## Pset 4: Matching the US income distribution by GMM

In this problem set, you will use the tab-delimited data file usincmoms.txt, which contains the 42 moments listed in Table 1 along with the midpoint of each bin. The first column of the data file gives the percent of the population in each income bin (the third column of Table 1). The second column in the data file has the midpoint of each income bin. So the midpoint of the first income bin of all household incomes less than \$5,000 is \$2,500.

In [1]:
# Load Modules
import numpy as np
import scipy.stats as sts
import pandas as pd
import matplotlib.pyplot as plt
import scipy.optimize as opt
import scipy.special as spc
import scipy.integrate as integrate
import distributions as dst
import numpy.linalg as lin

In [2]:
usincmoms = pd.read_table("usincmoms.txt", header=None, names = ["PercPop","IncomeMidpoint"])

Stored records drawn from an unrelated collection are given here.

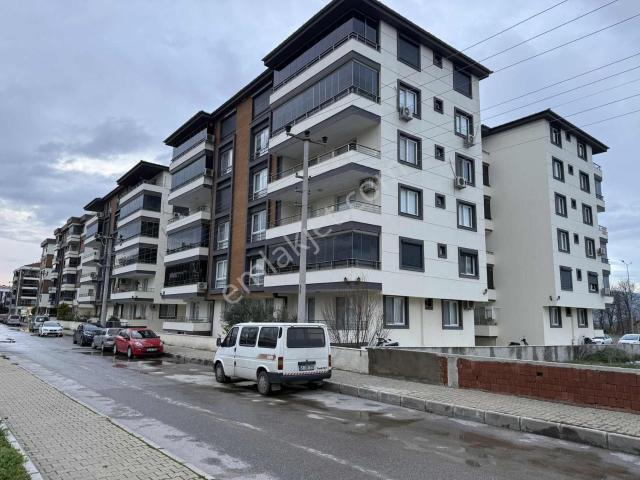 Kent Gayrimenkul'den 3+1 Ara Kat Önü Açık Satılık Daire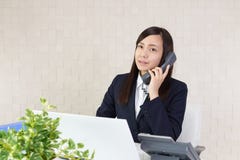Donna di affari con un telefono immagine stock libera da diritti Donna di affari con un telefono immagine stock libera da diritti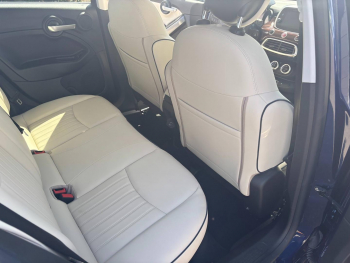Photo 24 du bon plan FIAT 500X 1.0 FireFly Turbo T3 120ch Yacht Club Capri Dolcevita occasion à 15990 €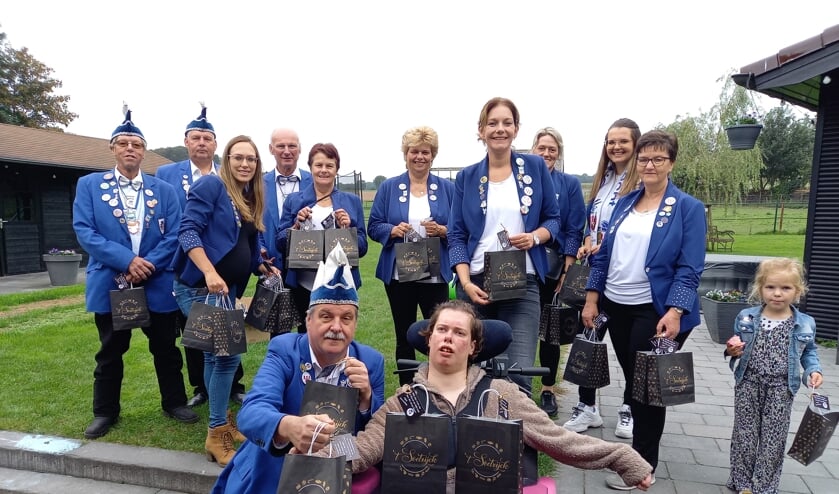 <p>Leden Net Aecht klaar om bewoners van 550 huizen op De Horst een presentje te geven. (foto: Joop Verstraaten)</p>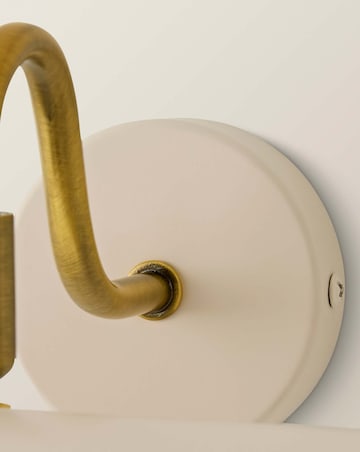 ValueLights Millie Scallop Picture Wall Light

(a) Plot the histogram implied by the moments in the tab-delimited text file usincmoms.txt. The centers of each bin are in the second column of the data fie usincmoms.txt. List the dollar amounts on the x-axis as thousands of dollars. The bin cutoffs are given in Table 1. Even though the top bin is all incomes of \$250,000 and up, only graph the histogram up to the maximum income of \$350,000. In summary, your histogram should have 42 bars. The first 40 bars for the lowest income bins should be the same width. The last two bars should be different widths from each other and from the rest of the bars. Because the 41st bar is 10 times bigger than the first 40 bars, divide its height by 10. Because the 42nd bar is 20 times bigger than the first 40 bars, divide its height by 20. This is analogous to dividing the last two bars into 10 and 20 bars respectively, and spreading frequency of each evenly among its divisions.

In [16]:
# Create first Histogram
# This command is specifically for Jupyter Notebook
%matplotlib notebook

# Construct sequence of bins
bins = list(((usincmoms["IncomeMidpoint"].shift() + usincmoms["IncomeMidpoint"])/2000))
bins[0] = 0
bins[40] = 200.0
bins[41] = 250.0
bins.append(350.0)

# Construct data values
datavals = usincmoms["IncomeMidpoint"]/1000

# Construct weights
moms_data = np.array(usincmoms["PercPop"])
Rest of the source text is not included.